▼

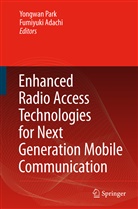 Adachi, Adachi, Fumiyuki Adachi, Yongwa Park, Yongwan Park - Enhanced Radio Access Technologies for Next Generation Mobile Communication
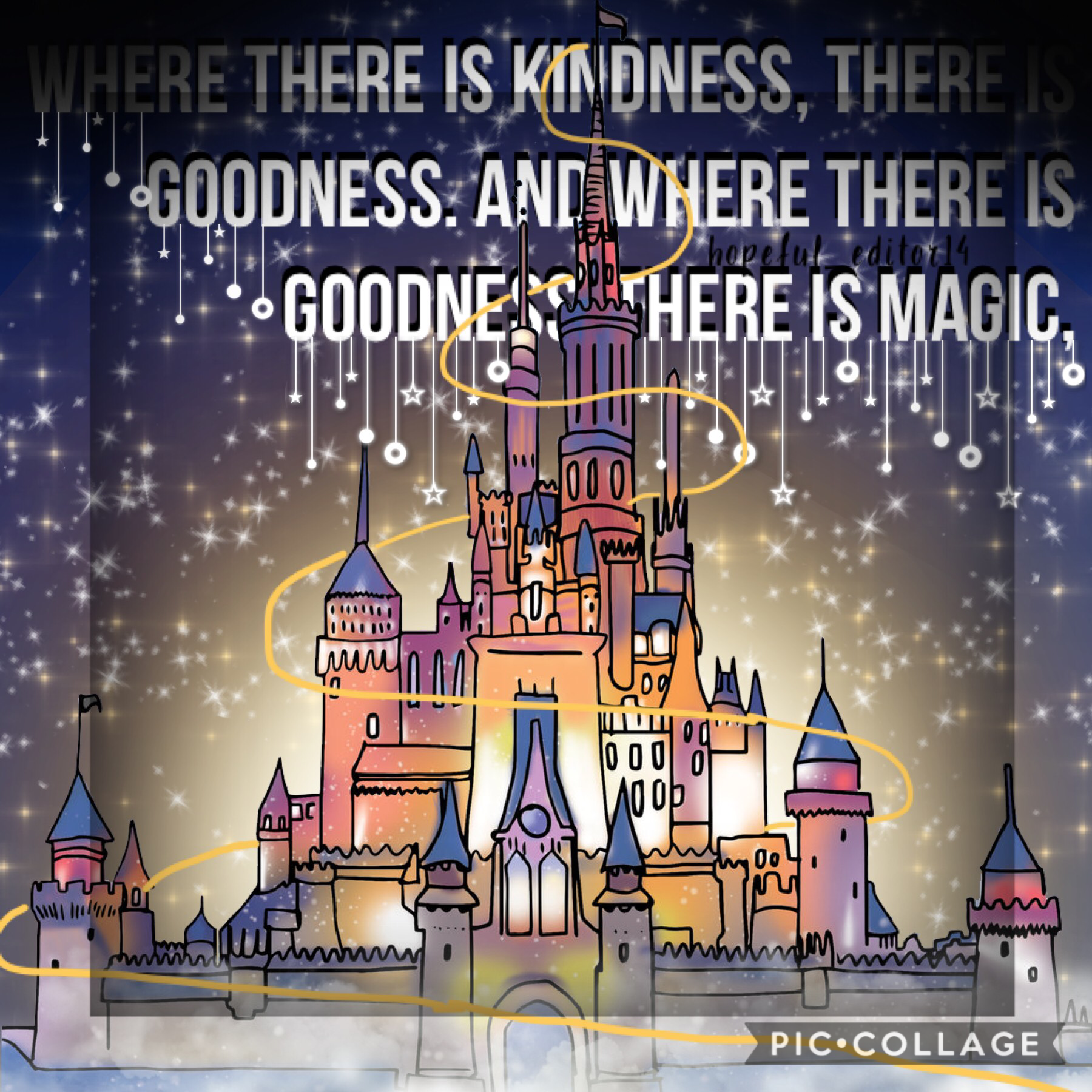 {where there is kindness, there is goodness. And where there is goodness, there is magic}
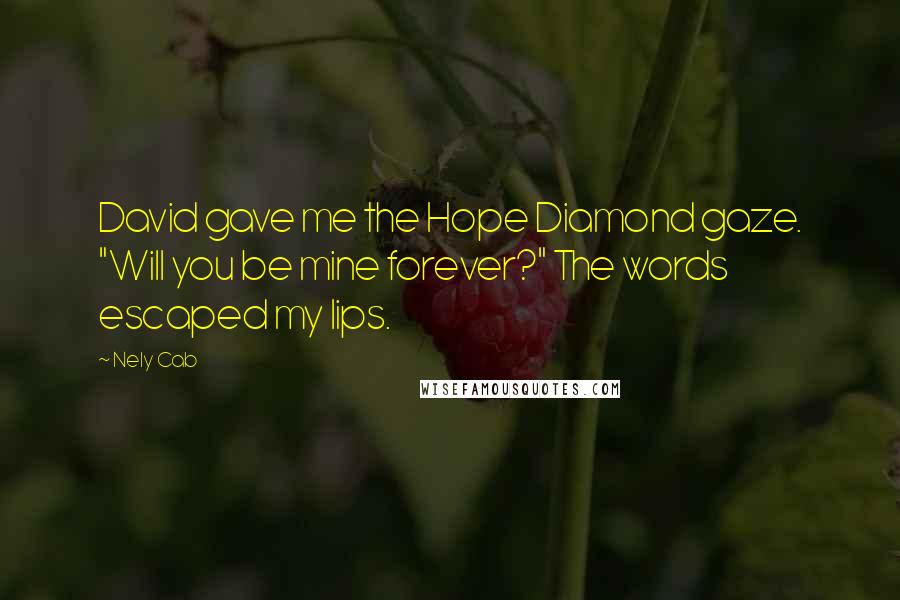 Nely Cab Quotes: David gave me the Hope Diamond gaze. "Will you be mine forever?" The words escaped my lips.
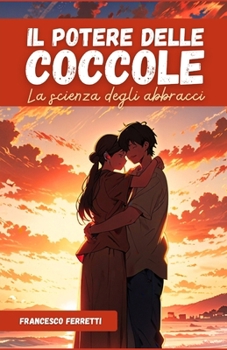 Il Potere delle Coccole: come il contatto fisico, gli abbracci e il tocco affettuoso riducono stress e ansia, migliorano le relazioni di coppia e ... per bambini e adulti (Italian Edition)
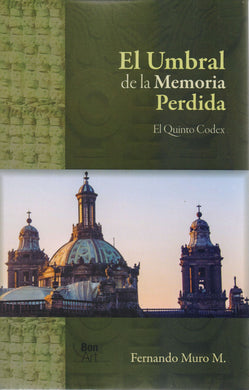 El umbral de la memoria perdida. El Quinto codex - Fernando Muro Macías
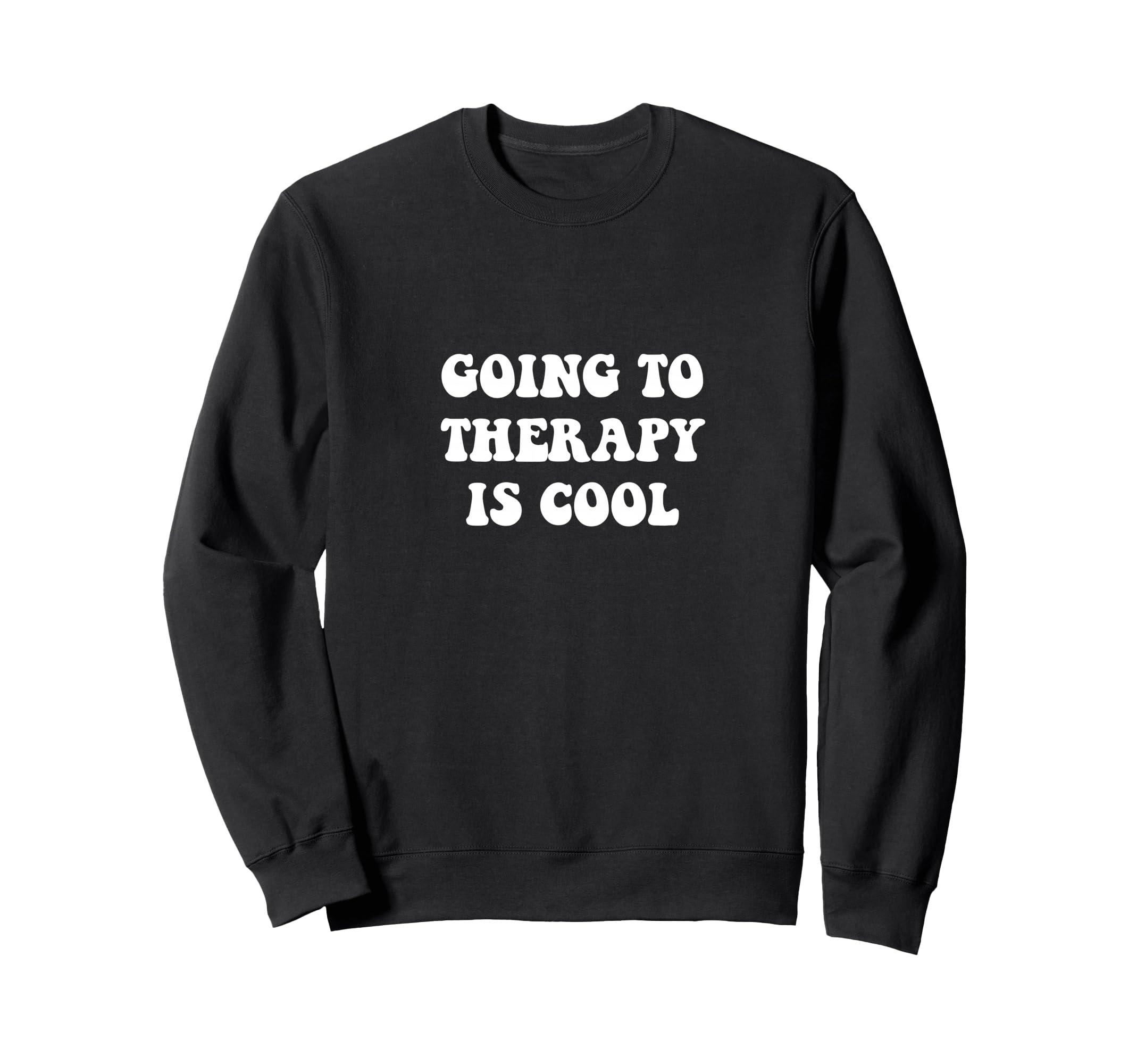 Going To Therapy Is Sweatshirt - Novelty Apparel Unisex - T-Shirt, Sweatshirt, Hoodie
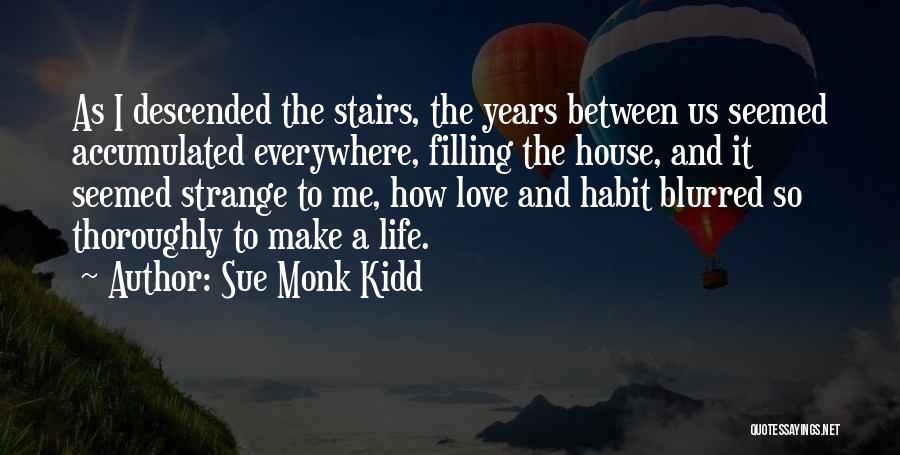 Sue Monk Kidd Quotes: As I Descended The Stairs, The Years Between Us Seemed Accumulated Everywhere, Filling The House, And It Seemed Strange To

▲

» Your instructions: Word for word, write out the lines above running from the one with "Nely Cab Quotes: David" up to and including the one with "Going To Therapy". Drop any picture.

» Reply:
 Nely Cab Quotes: David gave me the Hope Diamond gaze. "Will you be mine forever?" The words escaped my lips.
 Il Potere delle Coccole: come il contatto fisico, gli abbracci e il tocco affettuoso riducono stress e ansia, migliorano le relazioni di coppia e ... per bambini e adulti (Italian Edition)
 El umbral de la memoria perdida. El Quinto codex - Fernando Muro Macías
 Going To Therapy Is Sweatshirt - Novelty Apparel Unisex - T-Shirt, Sweatshirt, Hoodie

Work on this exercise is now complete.